“Now comes the moment of truth,” President Donald Trump told a Missouri audience on Wednesday.
By a partisan 52-48 split, the United States Senate voted on Wednesday to allow debate on tax reform. This came in spite of a strange effort by the New York Times editorial board urging its Twitter followers to contact on-the-fence Republicans, even providing office phone numbers, to “reject a tax bill that hurts the middle class & the nation’s fiscal health.” The vote that went against the Times paved the way for the moment of truth — the vote — perhaps as early as today.
Flanked by Christmas trees and pointing to a red-and-green “Merry Christmas” sign 750 miles west of where the Senate gave him an early gift, the president expressed hope that the passage of his tax legislation marks “the beginning of the next great chapter for the American worker.”
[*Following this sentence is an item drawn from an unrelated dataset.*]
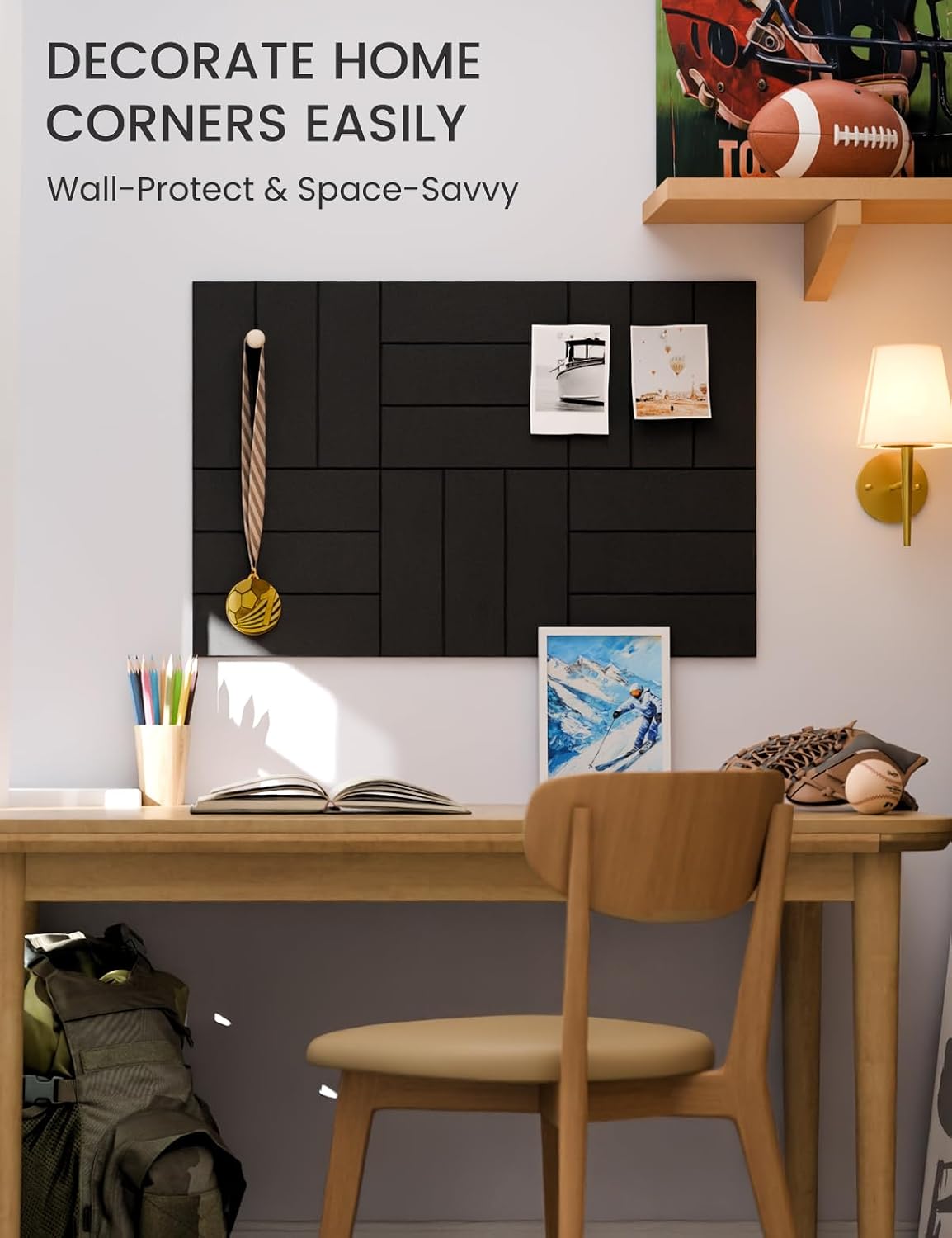 Thumbnail 5 de Fluxynara FZB-L-S-6-3L-BK Felt Bulletin Board Tiles, Black Bold Stripe, 6-Pack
The tax bill, through simplifying the code, lowering corporate rates from 35 to 20 percent, doubling the standard deduction, and much else, likely works as if not “rocket fuel,” as Trump imagines, then at least steam for the economy, which obviously helps the American worker. But something else, something overlooked, said by the president on Wednesday likely makes a bigger difference for the labor force. He promised to “work on health care” after taxes.
Surely cutting the top individual rate from 39.5 percent to 38.5 percent, as the Senate bill decrees, does not catalyze growth in the manner of “rocket fuel.” Fixing our broken health care system does.
In 1981, when Ronald Reagan slashed the top individual rate from 70 to 50 percent — and dropped it to 28 percent five years later — the federal government certainly acted as a weight on the shoulders of American workers. Now, 36 years later, the cost of health care plays the same role as onerous government did back then.
Ronald Reagan lifted one weight. Donald Trump’s challenge involves lifting another, made heavier, though not created, by his predecessor.
Federal spending as a percentage of GDP registered about 20 percent when Reagan took office, roughly where it stands today. Health care spending totaled less than one-tenth of GDP when Reagan took office. It encroaches, rather swiftly, upon one-fifth of GDP today. In those 36 years, its portion of the economy more than doubled.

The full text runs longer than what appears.